Axios reported that the presentation, which was later shared with the full Republican caucus during its regular Tuesday lunch, made a “firmer” recommendation on state deregulatory waivers than it did on some other issues. Like the House bill, the Senate proposal would allow states to waive the Affordable Care Act’s essential health benefit coverage requirements, as well as loosen the ratio of what older people can be charged relative to younger customers. The Senate bill would not, however, allow states to waive community rating by health status, which bars insurers from charging sick people more than healthy ones. The Washington Examiner reported, too, that the Senate was considering allowing the ACA’s Medicaid expansion to linger past the 2020 deadline set forth in the House bill—and that a program to auto-enroll people into coverage against catastrophic losses was still on the table.
Cassidy added that policies to stabilize health insurance markets in the short term would be rolled into the legislation. About “$15 billion a year for the first couple of years” would be appropriated to stabilize markets, which he said was close to what the actuarial company Milliman expected would be required. On top of that, Cassidy said, there was an “attempt” to appropriate the money for the ACA’s cost-sharing reductions, the payments the federal government makes to insurers to mitigate deductibles for low-income people. (The Trump administration’s ambivalence about whether it will continue to make these payments, which are subject to an ongoing legal dispute, has contributed to the cratering of certain states’ health insurance markets.)
In short: To the extent the bill is moving in any direction, it’s moving toward the center, making the sort of changes aimed at getting the likes of Cassidy on board and—at the very least—preventing the likes of Graham from preaching the bill’s death in public.
But just because Cassidy gets on board doesn’t mean that, say, Sens. Susan Collins or Lisa Murkowski, who have had few good things at all to say about this reform framework, are coming around. More problematically, the closer the bill moves to the center, the further away it moves from the bloc of conservative senators intent on pressing their leverage.
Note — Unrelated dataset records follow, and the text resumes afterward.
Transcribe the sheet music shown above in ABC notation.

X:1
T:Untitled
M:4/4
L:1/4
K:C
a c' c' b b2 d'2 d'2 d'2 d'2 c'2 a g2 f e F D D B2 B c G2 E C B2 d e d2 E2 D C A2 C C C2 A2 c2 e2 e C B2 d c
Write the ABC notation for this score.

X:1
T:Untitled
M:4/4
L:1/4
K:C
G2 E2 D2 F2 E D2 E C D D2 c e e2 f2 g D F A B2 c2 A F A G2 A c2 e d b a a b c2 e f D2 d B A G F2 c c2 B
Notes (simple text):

While Sen. Rand Paul’s vote is not quite “irretrievably lost” on the bill, as Graham had described it earlier, Paul’s office staff did not sound particularly enthusiastic about what they had just seen. “Sen. Paul remains optimistic the bill can be improved in the days ahead,” a spokesman said, “and is keeping an open mind.”
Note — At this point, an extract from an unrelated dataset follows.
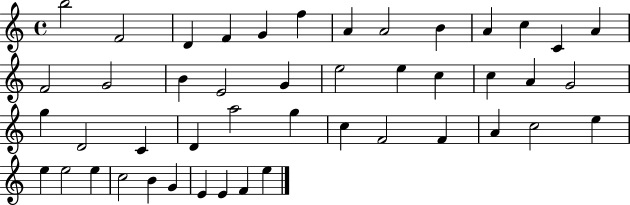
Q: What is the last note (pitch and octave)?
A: E5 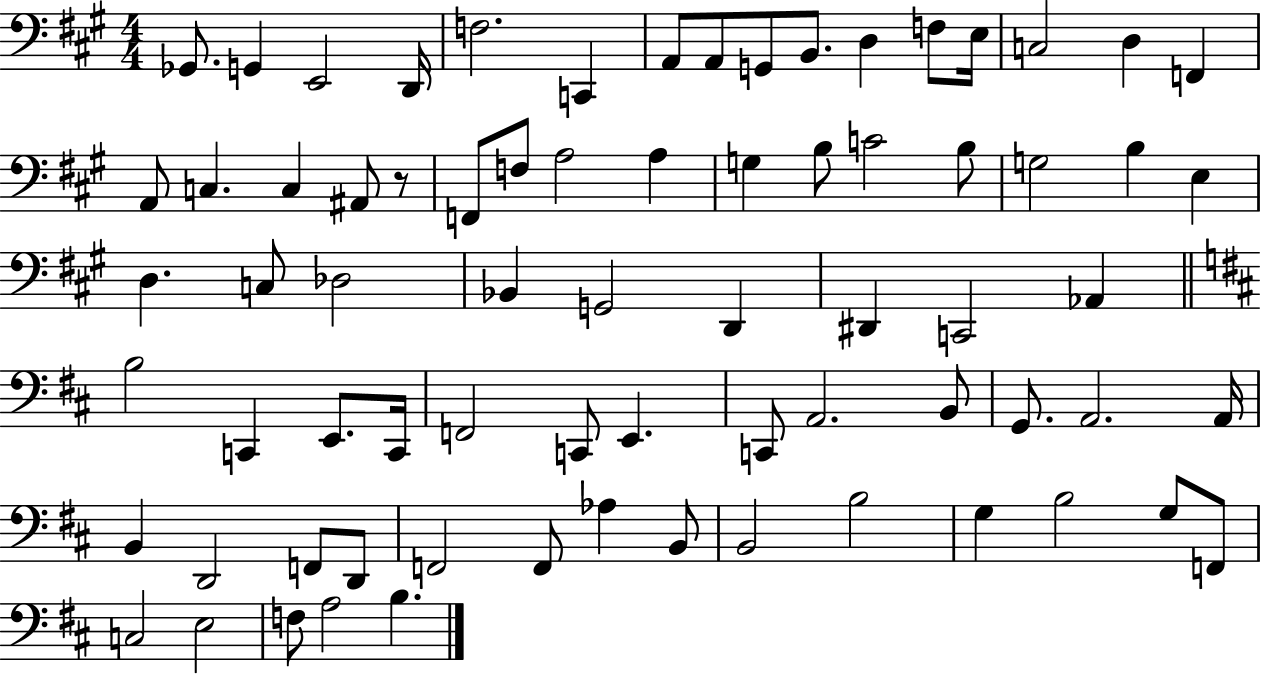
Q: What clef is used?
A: bass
An aide to another conservative senator told me that the outline presented Tuesday had moved “further away” from the senator’s goals. I asked on which areas specifically: regulations? Medicaid?
“All the issues,” the aide said.
Tuesday’s presentation presented the moderates, the skeptics, the vulnerable members—in short, all of those who do not like legislating on health care and want this thing to just go away—with reason enough to stay on board. Happy talk, though, is not the same thing as an announcement that fundamental differences within the caucus have been reconciled.